Events are classified into two categories: context mapping event and data event. The former maintains contexts associated with the latter. The latter represents events themselves in a form of key-value pairs.
A TLS handshake consists of several cryptographic operations, such as digital-signature verification and key derivation. For simplicity, let's assume only digital-signature operations are involved.
There will be two contexts: an entire TLS handshake, and digital-signature verification or creation, each of them is associated to data events which describe the detail of those events, e.g., TLS protocol version and digital-signature algorithm used.
Contexts are identified by unique 16-byte values, which are included in any kind of events. If the events were represented as a JSON array, the log file would conceptually look like the following, though a more efficient (binary) format will be used in practical deployment.
[
{
"type": "new_context",
"context": "00..01", // start of context 00..01
"parent": "00..00"
},
{
"type": "string_data",
"context": "00..01",
"name": "tls::handshake_client"
},
{
"type": "word_data",
"context": "00..01",
"tls::protocol_version": 0x0304
},
{
"type": "new_context",
"context": "00..02", // start of context 00..02
"parent": "00..01"
},
{
"type": "string_data",
"context": "00..02",
"name": "tls::certificate_verify"
},
{
"type": "word_data",
"context": "00..02",
"tls::signature_algorithm": 0x0804 // rsa_pss_rsae_sha256
},
{
"type": "word_data",
"context": "00..02",
"pk::bits": 3072,
}
]
This can be conceptually represented as a tree of events:
tls::handshake_client
(00..01)tls::protocol_version
= 0x0304tls::certificate_verify
(00..02)tls::signature_algorithm
= 0x0804pk::bits
= 3072
Since the agent can monitor multiple processes, event sequences could be interleaved with each other. In that situation, context IDs help to recover the original event sequences.
For security and privacy reasons, context ID should be constructed to be indistinguishable from the internal state of target programs, e.g., PID or memory address, while those information could be used as an input to the construction algorithm. The recommended way of constructing context ID as follows:
- The agent initializes an encryption key used with AES-ECB at startup
- An 8-byte context ID and an 8-byte PID/TGID of the target program are concatenated to construct a 16-byte input (i.e., a single block of AES-ECB)
- Encrypt the 16-byte input with AES-ECB using the key created above
This is inspired by the similar mechanism to record number encryption in QUIC and DTLS 1.3 protocols. With the AES-NI instruction set enabled, this procedure consumes up to 15 cycles.
The agent may periodically rotate the key.

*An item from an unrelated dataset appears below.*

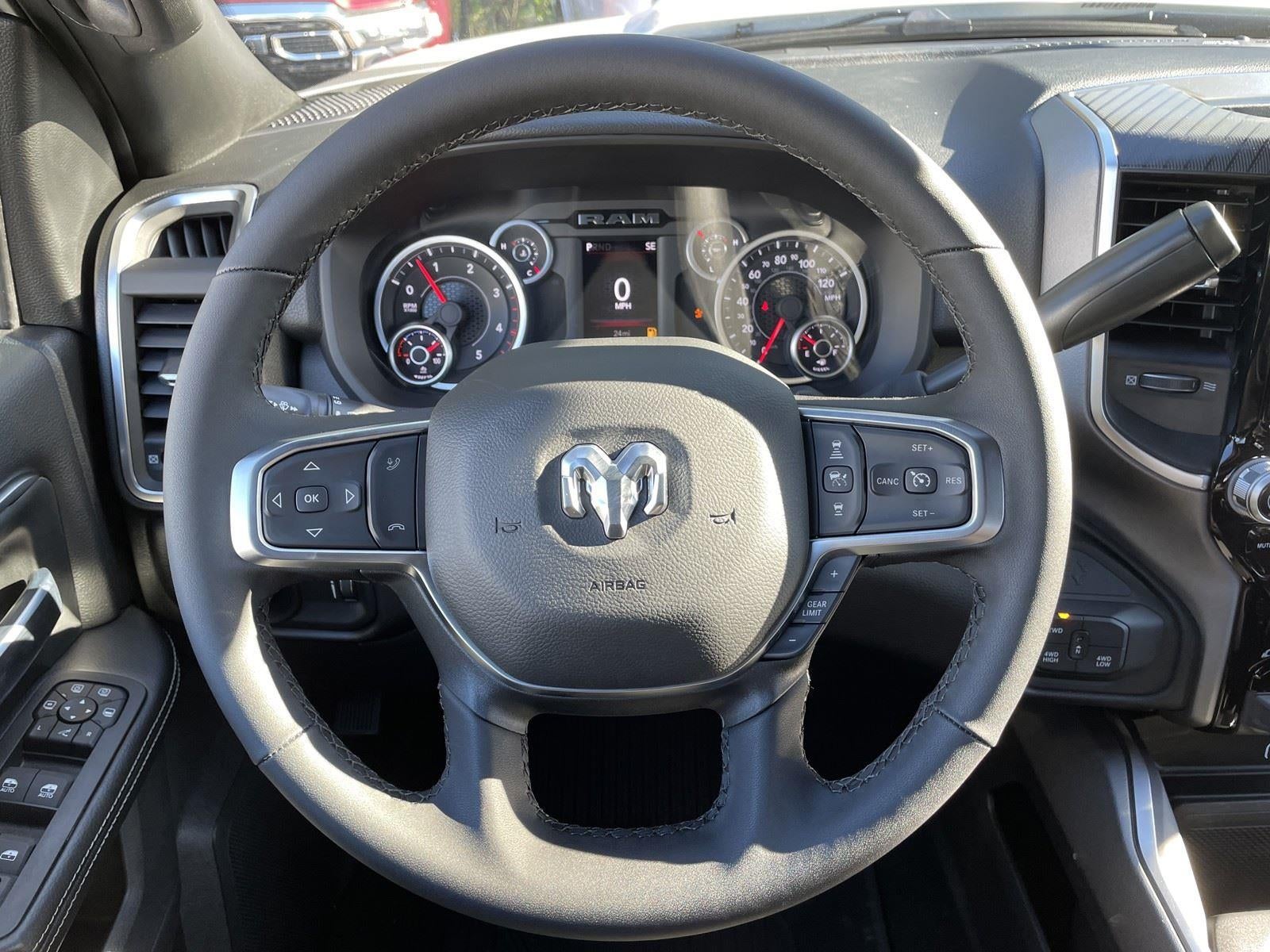 2026 RAM Ram 2500 RAM 2500 LONE STAR CREW CAB 4X4 6'4' BOX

When multiple events are sent within a single context, the same context IDs are written into the log file, which could unnecessarily consume disk space. Therefore, the log format supports compression of subsequent events that share the same context ID, given a certain time window. With the compression enabled, the above example would look like the following, preserving the same semantics:
[
{
"context": "00..01", // start of context 00..01
"events": [
{
"type": "new_context",
"parent": "00..00"
},
{
"type": "string_data",
"name": "tls::handshake_client"
},
{
"type": "word_data",
"tls::protocol_version": 0x0304
}
]
},
{
"context": "00..02", // start of context 00..02
"events": [
{
"type": "new_context",
"parent": "00..01"
},
{
"type": "string_data",
"name": "tls::certificate_verify"
},
{
"type": "word_data",
"tls::signature_algorithm": 0x0804 // rsa_pss_rsae_sha256
},
{
"type": "word_data",
"pk::rsa_size": 3072
}
]
}
]
While the keys can be arbitrary, this section provides a guidance on
how to construct them. There are two types of keys: generic keys and
scoped keys. Generic keys consists of only alphanumeric characters
and an underscore, while scoped keys can have a prefix ending with
"::". In the previous example, name
is a generic key, while
tls::protocol_version
is a scoped key. More strictly, they are
written in ABNF as follows:
name = ALPHA *(ALPHA / DIGIT / "_")
generic_key = name
scoped_key = name "::" name
Keys are also used to determine value types. For example, name
can
take a string value, while tls::protocol_version
takes a 16-bit
integer that corresponds to [ProtocolVersion
][protocol-version]
(i.e., a 16-bit integer) in TLS.
The registry of those key names should be maintained in a separate document. The following section defines a few generic probe points and TLS probe points.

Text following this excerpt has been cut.